1.概要
法人税の課税所得の計算は会計上の利益を前提に行われる。会計と税務で取扱いが異なり課税所得と利益に差がでることを税会不一致という。この税会不一致が生じる場合、投資法人で配当を行っていても課税が生じる場合がある。また金額によっては90%超配当要件を満たせず、配当を損金の額に算入することができなくなる可能性もある。投資法人については税会不一致に対して一定の手当てがなされている。一般的な手当として一時差異等調整引当額と一時差異等調整積立金がある。
2.一時差異等調整引当額
(1)基本的な内容
課税所得が会計上の利益を超える場合における税会不一致を所得超過税会不一致という(投資法人計算規則2条2項30号イ)。一時差異等調整引当額は所得超過税会不一致に対する一般的な手当である。
(2)一時差異等調整引当額の意義
投資法人は、その投資主に対し、役員会の承認を受けた金銭の分配に係る計算書に基づき、利益を超えて金銭の分配をすることができる(投信法137条1項本文)。これを利益超過分配金額という。この利益超過分配金額のうち、所得超過税会不一致と純資産控除項目の合計額の範囲内において、利益処分に充当するものを一時差異等調整引当額という(投資法人計算規則2条2項30号)。純資産控除項目とは、新投資口予約権並びに新投資口申込証拠金及び自己投資口の合計額が負となる場合におけるその合計額をいう(投資法人計算規則2条2項30号ロ)。

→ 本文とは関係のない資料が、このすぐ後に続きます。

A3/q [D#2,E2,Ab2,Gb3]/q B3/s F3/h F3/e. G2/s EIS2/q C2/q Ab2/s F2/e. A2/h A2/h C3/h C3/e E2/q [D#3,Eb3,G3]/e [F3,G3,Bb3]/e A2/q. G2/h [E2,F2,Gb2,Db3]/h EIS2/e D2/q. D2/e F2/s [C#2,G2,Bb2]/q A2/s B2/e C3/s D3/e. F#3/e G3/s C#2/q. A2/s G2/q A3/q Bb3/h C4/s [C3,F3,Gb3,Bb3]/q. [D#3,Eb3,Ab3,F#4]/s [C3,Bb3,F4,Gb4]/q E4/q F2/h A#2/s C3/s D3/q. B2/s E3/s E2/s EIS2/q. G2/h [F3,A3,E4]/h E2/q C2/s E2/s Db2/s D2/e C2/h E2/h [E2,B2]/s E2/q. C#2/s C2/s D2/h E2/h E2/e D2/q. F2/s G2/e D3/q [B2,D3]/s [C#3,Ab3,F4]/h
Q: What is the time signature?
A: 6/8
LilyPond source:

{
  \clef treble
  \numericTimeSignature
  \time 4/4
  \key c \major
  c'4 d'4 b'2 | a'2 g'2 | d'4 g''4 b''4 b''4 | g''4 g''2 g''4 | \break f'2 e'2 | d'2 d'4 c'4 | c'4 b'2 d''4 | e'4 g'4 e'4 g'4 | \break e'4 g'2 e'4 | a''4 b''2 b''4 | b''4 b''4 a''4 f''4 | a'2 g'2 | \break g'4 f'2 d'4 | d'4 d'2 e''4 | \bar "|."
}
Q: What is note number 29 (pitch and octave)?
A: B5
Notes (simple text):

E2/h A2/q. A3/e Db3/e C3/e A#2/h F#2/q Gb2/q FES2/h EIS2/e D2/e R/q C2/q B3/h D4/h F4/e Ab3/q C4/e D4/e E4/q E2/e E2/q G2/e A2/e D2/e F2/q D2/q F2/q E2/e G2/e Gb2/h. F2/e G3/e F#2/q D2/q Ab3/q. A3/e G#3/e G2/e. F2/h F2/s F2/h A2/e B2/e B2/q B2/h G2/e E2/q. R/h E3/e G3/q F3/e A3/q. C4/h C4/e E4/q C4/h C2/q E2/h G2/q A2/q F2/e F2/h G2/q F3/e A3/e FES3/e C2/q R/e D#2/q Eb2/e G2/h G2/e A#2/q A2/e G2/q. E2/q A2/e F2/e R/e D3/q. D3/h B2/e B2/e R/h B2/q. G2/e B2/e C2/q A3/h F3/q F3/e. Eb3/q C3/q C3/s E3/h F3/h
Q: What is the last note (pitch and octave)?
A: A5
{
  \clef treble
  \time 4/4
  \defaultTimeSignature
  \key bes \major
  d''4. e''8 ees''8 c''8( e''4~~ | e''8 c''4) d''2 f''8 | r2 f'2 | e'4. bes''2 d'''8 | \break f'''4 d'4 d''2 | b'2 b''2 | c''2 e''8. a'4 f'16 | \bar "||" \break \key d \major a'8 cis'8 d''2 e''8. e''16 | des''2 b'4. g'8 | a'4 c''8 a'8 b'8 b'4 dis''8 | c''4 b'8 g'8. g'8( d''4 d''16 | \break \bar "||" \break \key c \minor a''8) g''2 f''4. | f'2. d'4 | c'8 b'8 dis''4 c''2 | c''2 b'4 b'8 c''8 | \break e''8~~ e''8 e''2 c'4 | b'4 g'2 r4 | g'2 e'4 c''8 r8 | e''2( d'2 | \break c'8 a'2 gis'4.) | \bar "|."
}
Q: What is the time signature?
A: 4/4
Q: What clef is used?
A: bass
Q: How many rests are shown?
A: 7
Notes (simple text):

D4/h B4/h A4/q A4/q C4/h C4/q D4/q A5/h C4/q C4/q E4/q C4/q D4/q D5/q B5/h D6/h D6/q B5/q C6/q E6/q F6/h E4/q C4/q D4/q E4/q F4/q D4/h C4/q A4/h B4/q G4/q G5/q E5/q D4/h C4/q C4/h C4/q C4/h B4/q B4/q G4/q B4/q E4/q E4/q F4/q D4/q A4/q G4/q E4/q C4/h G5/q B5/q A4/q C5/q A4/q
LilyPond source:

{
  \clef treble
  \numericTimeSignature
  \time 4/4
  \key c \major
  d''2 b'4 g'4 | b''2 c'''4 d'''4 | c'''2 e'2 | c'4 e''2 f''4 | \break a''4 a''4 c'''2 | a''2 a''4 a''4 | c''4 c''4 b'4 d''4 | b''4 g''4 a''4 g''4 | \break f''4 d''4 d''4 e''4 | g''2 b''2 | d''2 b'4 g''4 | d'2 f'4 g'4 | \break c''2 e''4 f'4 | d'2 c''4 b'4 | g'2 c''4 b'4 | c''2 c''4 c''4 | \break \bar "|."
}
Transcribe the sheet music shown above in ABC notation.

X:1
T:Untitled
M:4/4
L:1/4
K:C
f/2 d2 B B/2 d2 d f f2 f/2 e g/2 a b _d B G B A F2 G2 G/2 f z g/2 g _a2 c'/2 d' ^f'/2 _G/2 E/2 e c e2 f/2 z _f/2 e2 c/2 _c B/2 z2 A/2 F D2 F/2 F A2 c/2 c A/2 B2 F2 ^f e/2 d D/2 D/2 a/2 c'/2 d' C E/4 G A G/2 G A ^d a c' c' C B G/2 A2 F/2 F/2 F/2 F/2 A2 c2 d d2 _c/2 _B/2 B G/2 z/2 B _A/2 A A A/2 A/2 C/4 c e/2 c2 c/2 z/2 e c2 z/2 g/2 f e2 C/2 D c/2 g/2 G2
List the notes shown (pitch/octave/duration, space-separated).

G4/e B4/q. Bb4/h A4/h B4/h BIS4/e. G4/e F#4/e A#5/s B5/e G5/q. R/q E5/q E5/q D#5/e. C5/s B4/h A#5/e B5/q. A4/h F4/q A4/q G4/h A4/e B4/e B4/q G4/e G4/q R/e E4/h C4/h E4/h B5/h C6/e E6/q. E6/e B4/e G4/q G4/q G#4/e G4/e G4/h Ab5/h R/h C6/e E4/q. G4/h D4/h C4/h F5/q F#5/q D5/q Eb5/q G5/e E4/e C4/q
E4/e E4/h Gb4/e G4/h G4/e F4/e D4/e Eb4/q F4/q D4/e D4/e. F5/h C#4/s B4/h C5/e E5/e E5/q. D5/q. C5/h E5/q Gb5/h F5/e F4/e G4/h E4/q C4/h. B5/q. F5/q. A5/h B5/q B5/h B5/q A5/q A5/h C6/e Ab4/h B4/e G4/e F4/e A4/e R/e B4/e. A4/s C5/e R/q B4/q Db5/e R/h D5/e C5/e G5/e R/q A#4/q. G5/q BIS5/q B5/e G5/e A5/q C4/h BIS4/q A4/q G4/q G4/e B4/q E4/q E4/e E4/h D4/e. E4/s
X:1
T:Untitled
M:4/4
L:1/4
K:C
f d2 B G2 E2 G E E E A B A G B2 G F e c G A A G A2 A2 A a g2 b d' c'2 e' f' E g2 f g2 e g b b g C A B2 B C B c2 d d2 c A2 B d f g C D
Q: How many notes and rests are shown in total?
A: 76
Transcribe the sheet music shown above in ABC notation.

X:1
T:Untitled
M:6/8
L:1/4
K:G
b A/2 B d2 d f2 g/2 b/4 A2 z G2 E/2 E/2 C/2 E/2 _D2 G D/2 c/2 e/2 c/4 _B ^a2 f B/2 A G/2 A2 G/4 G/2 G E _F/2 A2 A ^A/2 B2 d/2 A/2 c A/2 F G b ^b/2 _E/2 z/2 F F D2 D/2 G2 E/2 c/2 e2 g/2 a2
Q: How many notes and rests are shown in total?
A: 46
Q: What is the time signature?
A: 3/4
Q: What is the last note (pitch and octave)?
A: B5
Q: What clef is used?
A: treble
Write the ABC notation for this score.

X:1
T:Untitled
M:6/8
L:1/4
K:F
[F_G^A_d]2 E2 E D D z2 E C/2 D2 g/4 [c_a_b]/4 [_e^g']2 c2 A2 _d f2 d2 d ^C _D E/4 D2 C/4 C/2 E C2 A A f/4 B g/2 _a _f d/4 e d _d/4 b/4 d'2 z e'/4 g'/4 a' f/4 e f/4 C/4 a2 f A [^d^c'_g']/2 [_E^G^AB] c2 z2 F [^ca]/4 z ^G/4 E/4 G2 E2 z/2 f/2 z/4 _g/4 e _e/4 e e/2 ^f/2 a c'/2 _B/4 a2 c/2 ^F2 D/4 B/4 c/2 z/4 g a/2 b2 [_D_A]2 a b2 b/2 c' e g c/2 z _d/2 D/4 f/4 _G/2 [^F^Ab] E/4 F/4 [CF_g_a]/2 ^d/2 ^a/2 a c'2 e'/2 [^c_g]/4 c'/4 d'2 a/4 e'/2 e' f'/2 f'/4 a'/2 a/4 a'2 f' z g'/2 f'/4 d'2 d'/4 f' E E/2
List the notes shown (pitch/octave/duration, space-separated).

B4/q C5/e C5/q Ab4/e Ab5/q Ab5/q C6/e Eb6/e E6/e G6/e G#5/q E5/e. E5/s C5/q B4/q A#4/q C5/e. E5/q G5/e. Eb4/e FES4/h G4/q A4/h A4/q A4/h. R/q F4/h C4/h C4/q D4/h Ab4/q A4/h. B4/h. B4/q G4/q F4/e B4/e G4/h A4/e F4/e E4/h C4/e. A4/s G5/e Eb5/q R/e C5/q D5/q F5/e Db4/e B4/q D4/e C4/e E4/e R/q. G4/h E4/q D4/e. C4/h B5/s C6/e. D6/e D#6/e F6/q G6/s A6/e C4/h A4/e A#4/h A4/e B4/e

一時差異等調整引当額は利益超過分配の一部であるため、一時差異等調整引当額は利益超過分配であるが、利益超過分配がすべて一時差異等調整引当額でないことに注意する必要がある。
(3)一時差異等調整引当額の会計上の取扱い
一時差異等調整引当額は出資総額から控除され、他の出資総額控除額と区分して表示しなければならない(投資法人計算規則39条3項)。
(4)一時差異等調整引当額の税務上の取扱い
投資法人が支払う配当等は導管性要件を満たすことで損金の額に算入することができる。この配当等は基本的に投信法上の金銭の分配の額である(措法67条の15第1項、法法23条1項2号)。従って導管性要件を満たした投資法人が金銭の分配を行えば、原則としてその金銭の分配の額は損金の額に算入することができる。ただし損金の算入の対象となる金銭の分配から出資等減少分配は除外されている(法法23条1項2号かっこ書き)。そのため出資等減少分配を行っても基本的に損金の額に算入することができない。出資等減少分配は税務上の用語であり、出資総額等の減少に伴う金銭の分配のことをいう。利益超過分配は会計上の用語であるが、基本的に出資等減少分配に該当する。そのため基本的に損金の額に算入することができない。一時差異等調整引当額は利益超過分配であるため、この論理では損金の額に算入することができないように思える。しかし利益超過分配のうち一時差異等調整引当額となる部分は、税務上出資等減少分配から除外されている(法規8条の4)。そのため導管性要件を満たすことで一時差異等調整引当額を損金の額に算入することができる。
3.一時差異等調整積立金
(1)基本的な内容
会計上の利益が課税所得を超える場合における税会不一致を利益超過税会不一致という(投資法人計算規則2条2項31条)。一時差異等調整積立金は利益超過税会不一致に対する一般的な手当である。利益超過税会不一致が生じる場合、会計上の利益が課税所得を上回っているので、会計上の利益を配当することにより課税所得はなくなる。しかし利益超過税会不一致が解消したときに配当できる利益が少なくなり課税が生じる可能性がある。かといって利益超過税会不一致が生じたときに配当を少なくするとは90%超配当要件を満たせなくなる可能性が出てくる。これに対応するのが一時差異等調整積立金である。
(2)一時差異等調整積立金の意義
一時差異等調整積立金とは、投資法人が金銭の分配に係る計算書に基づき積み立てた任意積立金のうち、利益超過税会不一致の範囲内において、将来の利益処分に充当する目的のために留保したものをいう(投資法人計算規則2条2項31条)。
(3)一時差異等調整積立金の会計上の取扱い
一時差異等調整積立金は任意積立金に含まれるが、一時差異等調整積立金は他の任意積立金と区分して表示しなければならない(投資法人計算規則39条5項)。
(4)一時差異等調整積立金の税務上の取扱い
他の任意積立金と区分して表示された一時差異等調整積立金の金額は配当可能利益の額から控除される(措規22条の19第2項3号)。そのため利益超過税会不一致が生じた事業年度に一時差異等調整積立金を積み立てることで、その部分は配当しなくても90%超配当要件を満たすことができる。